Work item: Once you find the line containing "CB323 - Dorei Clay Bell by Yakushigama 薬師窯", please retype it and every line after it to the end of the entries, exactly and with nothing added.

=== Section Start ===

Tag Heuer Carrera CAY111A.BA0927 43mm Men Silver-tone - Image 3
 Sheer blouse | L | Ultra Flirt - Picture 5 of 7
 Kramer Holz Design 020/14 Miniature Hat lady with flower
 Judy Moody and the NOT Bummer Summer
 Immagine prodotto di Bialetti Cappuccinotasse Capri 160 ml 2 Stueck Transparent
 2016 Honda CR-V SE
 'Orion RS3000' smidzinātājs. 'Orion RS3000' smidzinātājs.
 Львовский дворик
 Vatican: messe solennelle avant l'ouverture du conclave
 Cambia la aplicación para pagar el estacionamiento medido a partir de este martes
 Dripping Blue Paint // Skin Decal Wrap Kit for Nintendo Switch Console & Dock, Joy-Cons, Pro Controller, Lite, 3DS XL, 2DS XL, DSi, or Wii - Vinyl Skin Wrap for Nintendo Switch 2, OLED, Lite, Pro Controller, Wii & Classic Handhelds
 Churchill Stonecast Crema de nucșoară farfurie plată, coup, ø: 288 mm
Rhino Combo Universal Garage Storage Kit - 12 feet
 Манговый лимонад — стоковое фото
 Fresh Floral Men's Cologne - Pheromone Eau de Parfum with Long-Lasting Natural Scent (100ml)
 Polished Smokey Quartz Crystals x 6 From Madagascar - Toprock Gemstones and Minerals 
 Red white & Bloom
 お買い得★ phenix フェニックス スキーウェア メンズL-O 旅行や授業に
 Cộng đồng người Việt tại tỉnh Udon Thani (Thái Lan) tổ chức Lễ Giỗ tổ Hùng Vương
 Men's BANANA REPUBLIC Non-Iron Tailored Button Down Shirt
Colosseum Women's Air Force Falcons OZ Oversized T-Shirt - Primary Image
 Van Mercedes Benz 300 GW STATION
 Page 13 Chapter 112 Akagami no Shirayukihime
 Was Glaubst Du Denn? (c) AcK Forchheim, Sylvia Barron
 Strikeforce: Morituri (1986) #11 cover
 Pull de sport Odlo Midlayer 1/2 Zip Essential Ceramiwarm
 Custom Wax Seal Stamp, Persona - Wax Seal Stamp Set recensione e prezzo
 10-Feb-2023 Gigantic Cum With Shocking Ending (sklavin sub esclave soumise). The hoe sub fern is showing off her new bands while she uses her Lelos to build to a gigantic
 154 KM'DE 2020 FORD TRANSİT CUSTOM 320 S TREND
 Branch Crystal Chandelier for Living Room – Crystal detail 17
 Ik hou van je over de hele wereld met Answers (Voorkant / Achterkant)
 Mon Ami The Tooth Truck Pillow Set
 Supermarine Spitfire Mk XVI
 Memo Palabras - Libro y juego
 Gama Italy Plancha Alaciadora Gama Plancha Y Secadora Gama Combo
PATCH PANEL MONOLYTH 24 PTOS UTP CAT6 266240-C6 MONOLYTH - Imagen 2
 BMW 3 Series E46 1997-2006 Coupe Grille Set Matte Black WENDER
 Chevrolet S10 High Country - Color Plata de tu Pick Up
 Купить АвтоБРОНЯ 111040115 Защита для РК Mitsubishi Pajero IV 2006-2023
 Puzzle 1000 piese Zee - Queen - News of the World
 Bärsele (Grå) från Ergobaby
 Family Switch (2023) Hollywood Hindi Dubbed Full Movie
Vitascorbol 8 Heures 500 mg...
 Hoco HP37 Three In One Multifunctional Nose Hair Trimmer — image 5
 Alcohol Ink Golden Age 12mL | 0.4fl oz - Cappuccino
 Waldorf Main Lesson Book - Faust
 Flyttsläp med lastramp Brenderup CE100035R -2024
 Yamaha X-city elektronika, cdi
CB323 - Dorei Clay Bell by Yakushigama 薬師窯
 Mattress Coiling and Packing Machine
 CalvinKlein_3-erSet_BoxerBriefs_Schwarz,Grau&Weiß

=== Section End ===

Solution to the exercise:
CB323 - Dorei Clay Bell by Yakushigama 薬師窯
 Mattress Coiling and Packing Machine
 CalvinKlein_3-erSet_BoxerBriefs_Schwarz,Grau&Weiß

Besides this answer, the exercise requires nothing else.